Can you recommend me something decent that u use in your garden


----------



## Taxboy (Aug 23, 2006)

greg2222 said:


> Guys I'm looking online at all this watering guns and just confuses me what to choose.
> Can you recommend me something decent that u use in your garden


This one, metal insides and comes with a 3yr warranty https://www.hozelock.com/our-products/watering/spray-gun-watering/multi-spray-pro/

Sent from my SM-T800 using Tapatalk


----------



## GSD (Feb 6, 2011)

You can get those in B&M about £5:99 as I remember.


----------



## Sh1ner (May 19, 2012)

I think Taxboy's suggestion is absolutely sound as a general purpose robust water sprayer.
For something simple https://www.amazon.co.uk/Hozelock-J...8&qid=1524396606&sr=8-6&keywords=hozelock+gun
I have been in the fortunate position for many years of having easy access to Hozelock products.
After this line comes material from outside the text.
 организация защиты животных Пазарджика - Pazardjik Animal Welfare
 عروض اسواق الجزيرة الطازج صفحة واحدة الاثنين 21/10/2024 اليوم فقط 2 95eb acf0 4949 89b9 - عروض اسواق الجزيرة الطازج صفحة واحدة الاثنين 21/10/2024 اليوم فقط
I still have most of them and with care they can last well.
The multiple spray patterns always seemed like overkill but I can honestly say I use them all and they can be very useful for both vehicles and the garden. The ability to lock the trigger and vary the water pressure directly from the gun is also useful, particularly for the garden.
After using them for years I would always recommend, to get the longest service life, to drain down after use and store in a cool dark place because some of the plastic parts do seem to degrade, (uv or something similar?) if left in the light and heat.
I have the same tools that have been stored well and those left to their own devices. There is a big difference in their condition. You can leave them lying around but they will suffer prematurely particularly if knocked or dropped and some of the irreplaceable plastic parts become damaged because they have become brittle.
Not all products are designed be dismantled completely so a split internal o'ring can make something throw away. With care though it is possible though to work out a way to do most things, even dismantle some of the plastic housings. 
Do you have any specific requirements though? Watering at height, That sort of thing. The new extending spray plus lances (90 and 140)seem to be ok. I have had one for a short trial. Very light and saves having to bend down to rinse wheels etc and you can rinse one side of a car whilst standing on the other.
Screwfix had the 140 at £16.99 the other day but I don't know how well they last.


----------



## greg2222 (Apr 9, 2012)

Sh1ner said:


> I think Taxboy's suggestion is absolutely sound as a general purpose robust water sprayer.
> For something simple https://www.amazon.co.uk/Hozelock-J...8&qid=1524396606&sr=8-6&keywords=hozelock+gun
> I have been in the fortunate position for many years of having easy access to Hozelock products. I still have most of them and with care they can last well.
> The multiple spray patterns always seemed like overkill but I can honestly say I use them all and they can be very useful for both vehicles and the garden. The ability to lock the trigger and vary the water pressure directly from the gun is also useful, particularly for the garden.
> ...


No specific requirements just a standard garden use i think the first sugestion is more then enough 
thx for great advice


----------